> Requirement: Treat the line containing "Plastic Amber Oval" as the first line and the final line of the material below as the last; reproduce that range exactly.

(Collected data begins)

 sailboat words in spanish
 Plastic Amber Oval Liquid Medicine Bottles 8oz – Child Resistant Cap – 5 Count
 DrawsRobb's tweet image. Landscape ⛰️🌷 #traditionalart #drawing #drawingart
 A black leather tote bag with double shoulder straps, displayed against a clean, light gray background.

(Collected data ends)

> Exercise output:
 Plastic Amber Oval Liquid Medicine Bottles 8oz – Child Resistant Cap – 5 Count
 DrawsRobb's tweet image. Landscape ⛰️🌷 #traditionalart #drawing #drawingart
 A black leather tote bag with double shoulder straps, displayed against a clean, light gray background.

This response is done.